La physique classique pose l'évidence de l'existence d'une
réalité objective et indépendante de l'observateur
et de ses instruments de mesure. La mécanique quantique
dit que certaines propriétés physiques de la matière,
au niveau de l'infiniment petit, sont indéterminées
jusqu'à ce qu'elles soient observées, c'est-à-dire
mesurées et qu'elles obtiennent de cette façon
une réalité concrète, une détermination.
C'est l'acte de mesurer qui permet de passer du monde confus
quantique au monde net de la physique classique. Durant le processus
de la cure qui se développe au niveau du défaut
fondamental, il se produit quelque chose de similaire. La relation
analytique fonctionne comme un dispositif de mesure, créant
les conditions qui permettent de passer du monde confus, indéfini
et symbiotique à la construction d'un espace psychique
d'où nous pouvons commencer à nous exprimer en
termes de détermination inconsciente qui opère
au niveau de la parole.
L'idée selon laquelle l'acte de mesurer exerce une influence
sur la chose mesurée n'est pas une exclusivité
de la mécanique quantique. N'importe quel acte de mesure
appartenant à un système physique, implique nécessairement
une interaction entre tel système et un instrument de
mesure, où chaque interaction comporte la transmission
d'influences dans les deux directions.
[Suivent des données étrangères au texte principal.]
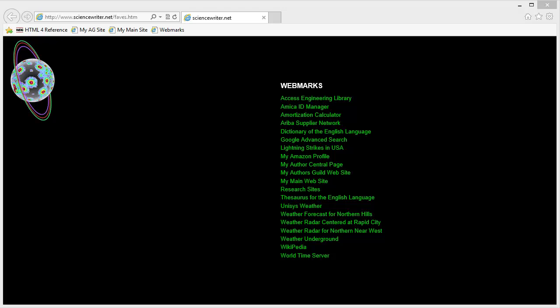What you're looking at is my bookmarks page, which I have online. I actually don't have it linked from my website directly, but if you go to sciencewriter.net — type that into your browser — sciencewriter.net, then type a slash and then faves.htm. It'll take you to what I call my webmarks.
Dans le cas de la mécanique
quantique, il n'est pas exact de dire que l'acte de mesurer modifie
la chose mesurée parce que cette affirmation paraîtrait
impliquer le fait qu'un objet quantique se rencontre dans un
état défini, encore inconnu, perturbé par
l'acte de la mesure et qui se trouverait maintenant dans un autre
état. Or c'est l'acte de mesure qui confère une
forme définie à un système précédemment
indéterminé.
Imaginons, avec le physicien autrichien Erwin Schrödinger,
un chat enfermé dans une boîte et un dispositif
qui réalise automatiquement la mesure de l'orientation
du spin d'un électron. Le destin du chat dépendra
du résultat de cet acte de mesure, qui se réduit
à deux alternatives, opposées et incompatibles,
de 50 % pour chacune. Dans le premier cas, le chat recevra de
la nourriture, dans le deuxième cas, il recevra une dose
létale de gaz vénéneux et mourra instantanément.
Une fois l'expérience terminée, au moment d'ouvrir
la boite, le chat se trouvera nécessairement ou mort ou
vif. Mais à l'instant de la mesure, tant le chat que le
spin de l'électron se retrouvent dans un état quantique
d'indétermination : le chat se trouvera simultanément
vif et mort. Mais un même temps, ni une chose ni l'autre.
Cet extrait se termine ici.